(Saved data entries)
__________

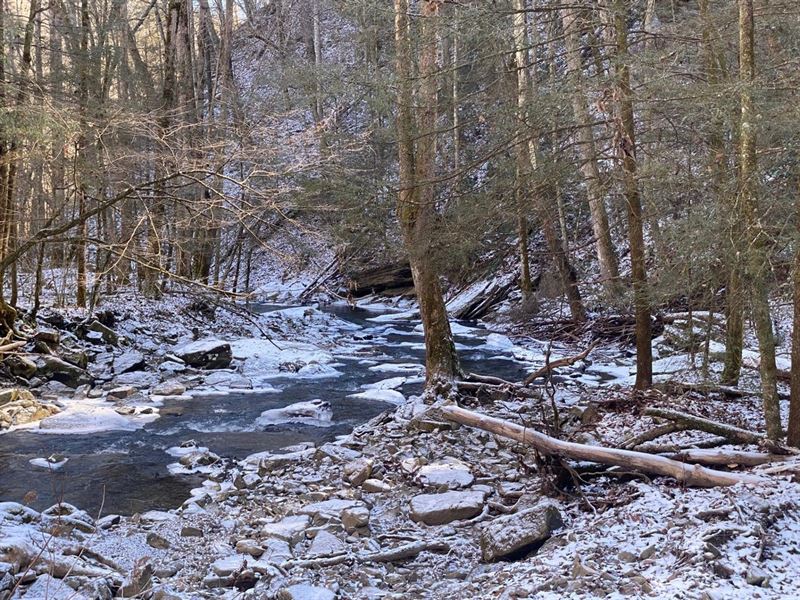 67.72 Acres Unrestricted Wooded : Tracy City : Marion County : Tennessee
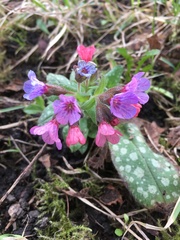 Pulmonaria officinalis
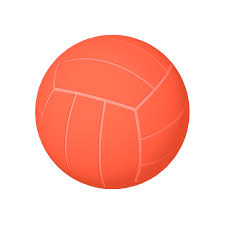 single color volleyballs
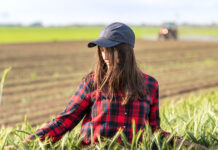 Organic youth movement criticises lack of concrete tools and recognition of organic farming to boost generational renewal Organic youth movement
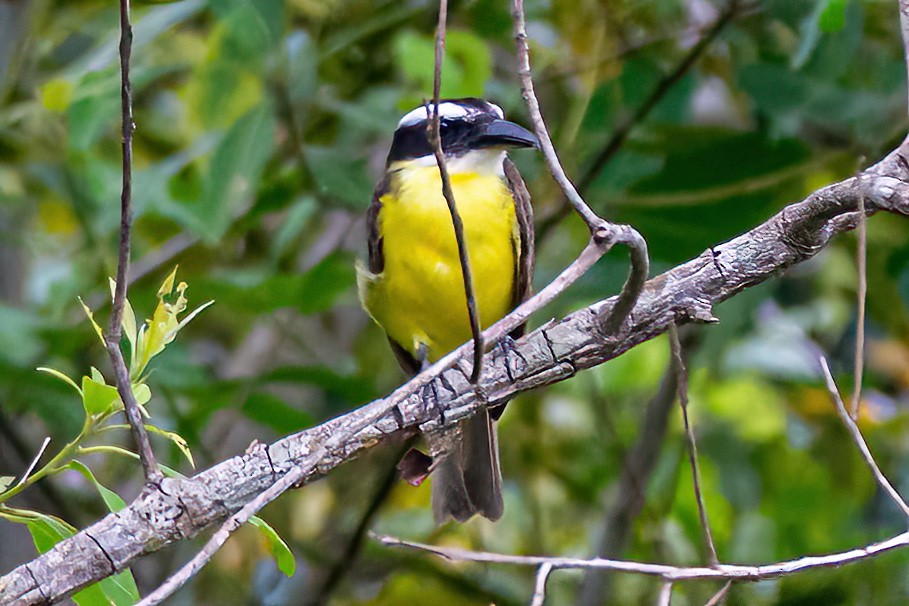 Boat-billed Flycatcher - ML647581451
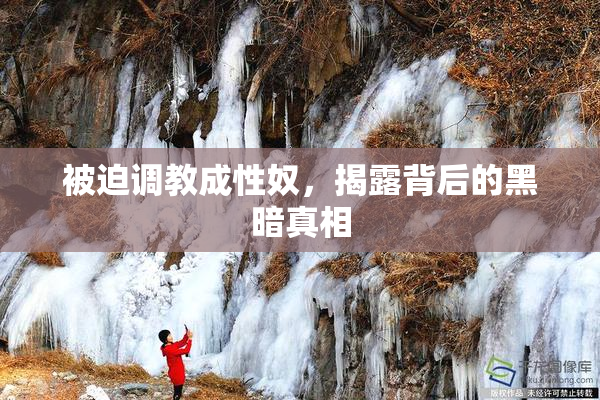 被迫调教成性奴，揭露背后的黑暗真相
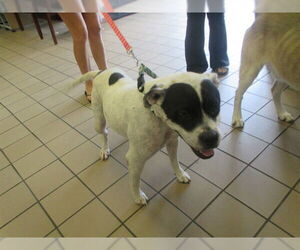 American Staffordshire Terrier-Unknown Mix Dogs for adoption in Ocala, FL, USA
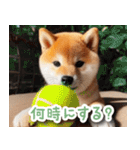 待ち合わせ柴犬【連絡・家族・友達】（個別スタンプ：29）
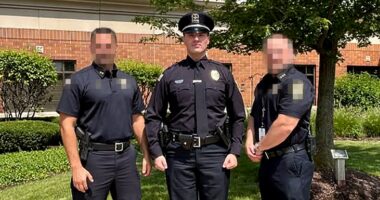 ICE arrests illegal alien sworn in as suburban Chicago police officer: 'Pritzker's Illinois'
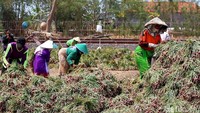 Anjloknya harga ini menyebabkan kerugian besar bagi para petani. Dijelaskan Juwari, untuk mencapai BEP harga bawang minimal Rp 13.000 per kilo. Diuraikan lebih lanjut, biaya tanam bawang saat ini cukup besar. Satu hektar lahan membutuhkan biaya Rp120 juta untuk bibit, pupuk, obat obatan dan tenaga pekerja. Biaya tanam tersebut bisa ditutup bila harga bawang Rp13.000 per kilo.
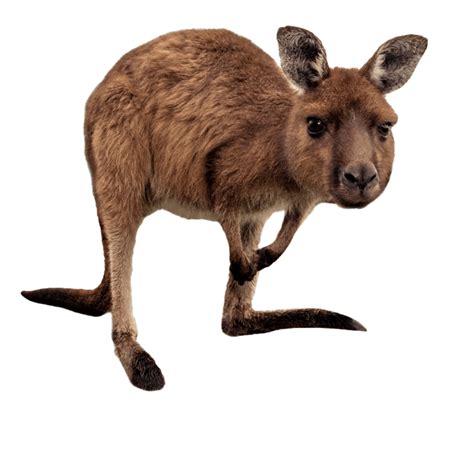 Kangaroo Wallaby PNG Image | PNG Mart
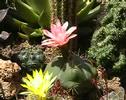 Blooming cactus in stop motion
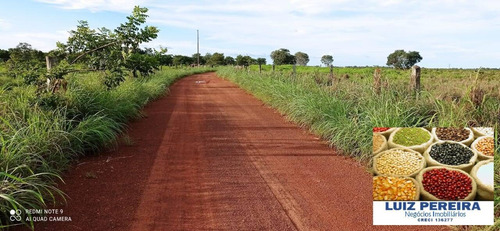 Imagem 10 de 15 de Fazenda À Venda Em Figueirópolis - To - De 114 Alqueirões (dupla Aptidão) - 1672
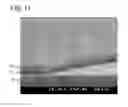 Fig. 12 - SOI SUBSTRATE AND METHOD FOR MANUFACTURING SOI SUBSTRATE
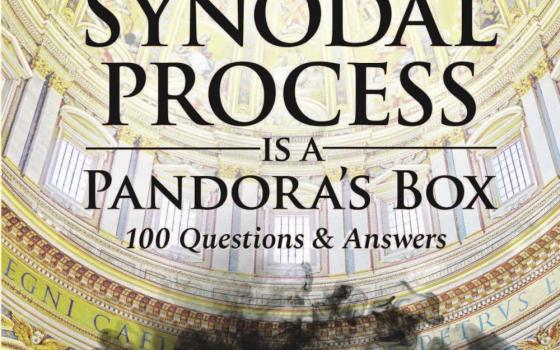 A book cover featuring black smoke and the words "The Synodal Process Is a Pandora's Box"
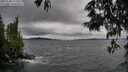 ./images/koeye/fitz-hugh/20250530/fitz-hugh20250530_171010M.jpg
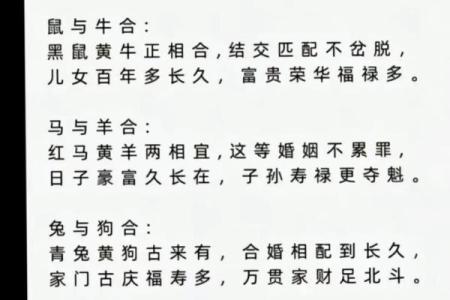 属相婚配表配对查询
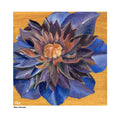 Blue Clematis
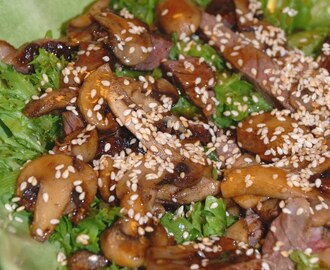 Ljummen biffsallad med teriyaki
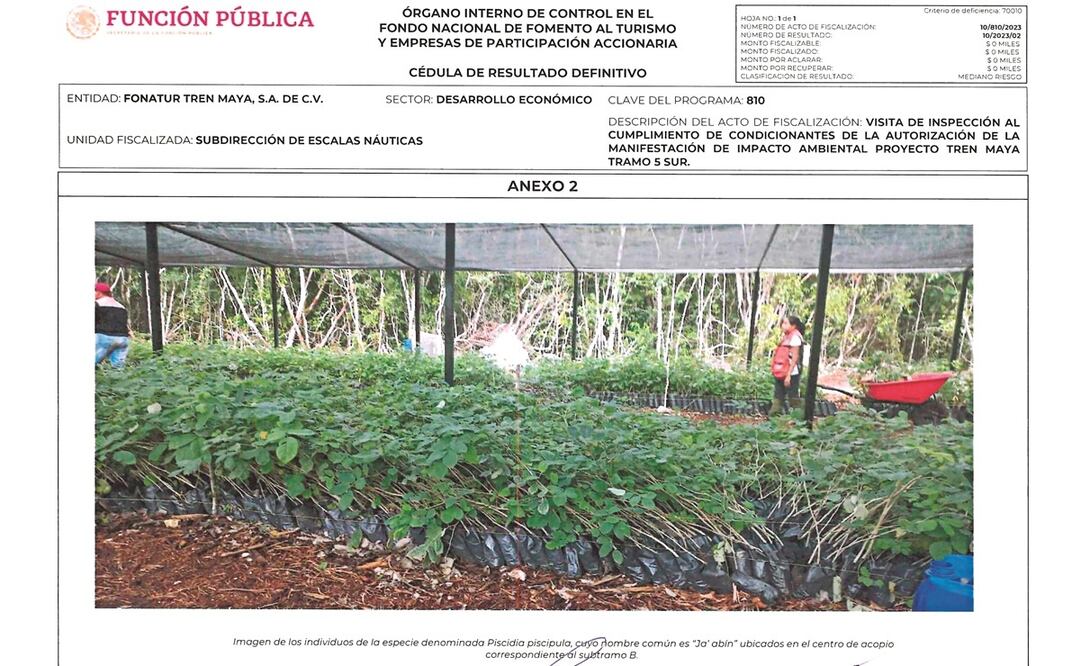 Foto: Especial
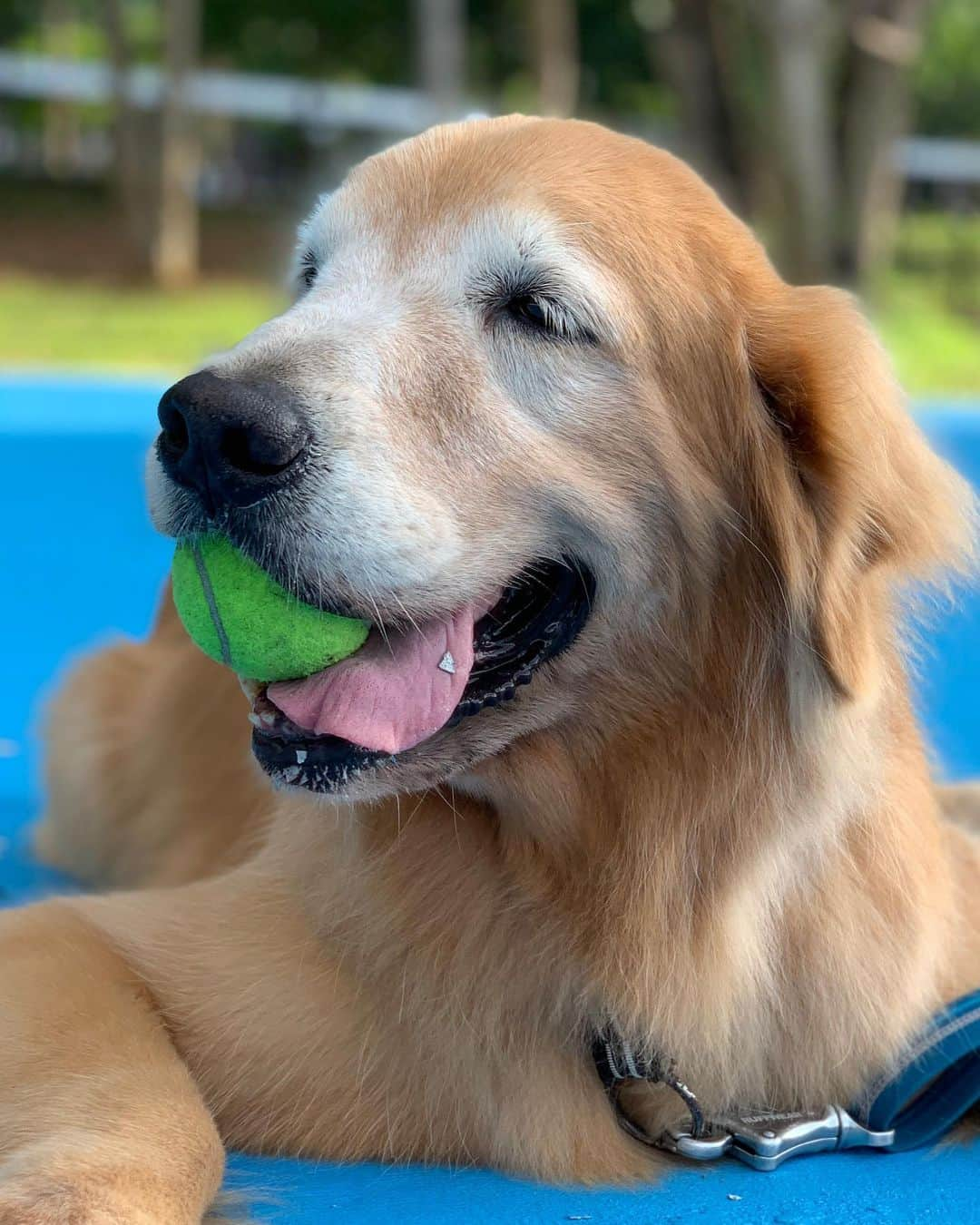 tamatamagoさんのインスタグラム写真 - (tamatamagoInstagram)「昨日のマオちゃんでこんばんは😊 テニスボール🎾嬉しくって 咥えたまんま😊😊😊 似たようなのばっかだけど、 どれも可愛い❤️ テニスボールくれたおじさん🎾ありがとう💕 . .  Happy Mamiao🐶🎾 . . 　 2020/07/07」7月7日 23時03分 - tamatamago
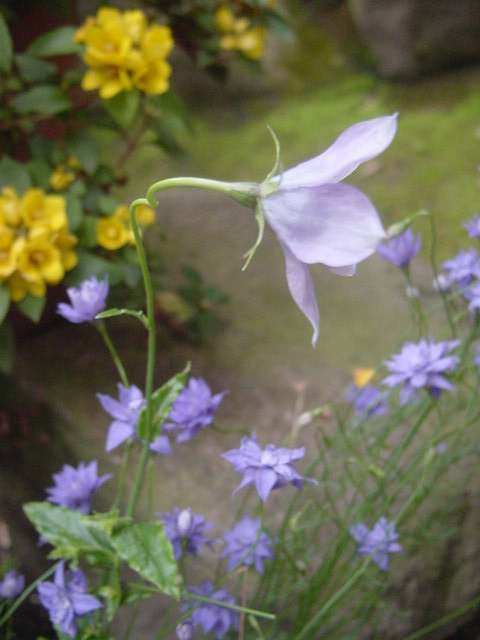 Dsc00378_2
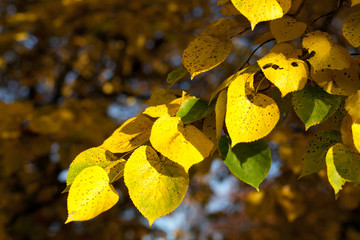 detail of colorful autumn leafs in yellow and golden coloring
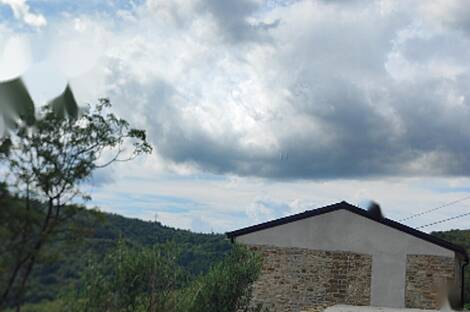 Копер, дом: 17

__________

◆ EXERCISE BRIEF ◆
Make an exact copy of the lines above, starting at the line that contains "Anjloknya harga ini" and running through the final line of the entries. Omit the pictures.

◆ REPLY ◆
 Anjloknya harga ini menyebabkan kerugian besar bagi para petani. Dijelaskan Juwari, untuk mencapai BEP harga bawang minimal Rp 13.000 per kilo. Diuraikan lebih lanjut, biaya tanam bawang saat ini cukup besar. Satu hektar lahan membutuhkan biaya Rp120 juta untuk bibit, pupuk, obat obatan dan tenaga pekerja. Biaya tanam tersebut bisa ditutup bila harga bawang Rp13.000 per kilo.
 Kangaroo Wallaby PNG Image | PNG Mart
 Blooming cactus in stop motion
 Imagem 10 de 15 de Fazenda À Venda Em Figueirópolis - To - De 114 Alqueirões (dupla Aptidão) - 1672
 Fig. 12 - SOI SUBSTRATE AND METHOD FOR MANUFACTURING SOI SUBSTRATE
 A book cover featuring black smoke and the words "The Synodal Process Is a Pandora's Box"
 ./images/koeye/fitz-hugh/20250530/fitz-hugh20250530_171010M.jpg
 属相婚配表配对查询
 Blue Clematis
 Ljummen biffsallad med teriyaki
 Foto: Especial
 tamatamagoさんのインスタグラム写真 - (tamatamagoInstagram)「昨日のマオちゃんでこんばんは😊 テニスボール🎾嬉しくって 咥えたまんま😊😊😊 似たようなのばっかだけど、 どれも可愛い❤️ テニスボールくれたおじさん🎾ありがとう💕 . .  Happy Mamiao🐶🎾 . . 　 2020/07/07」7月7日 23時03分 - tamatamago
 Dsc00378_2
 detail of colorful autumn leafs in yellow and golden coloring
 Копер, дом: 17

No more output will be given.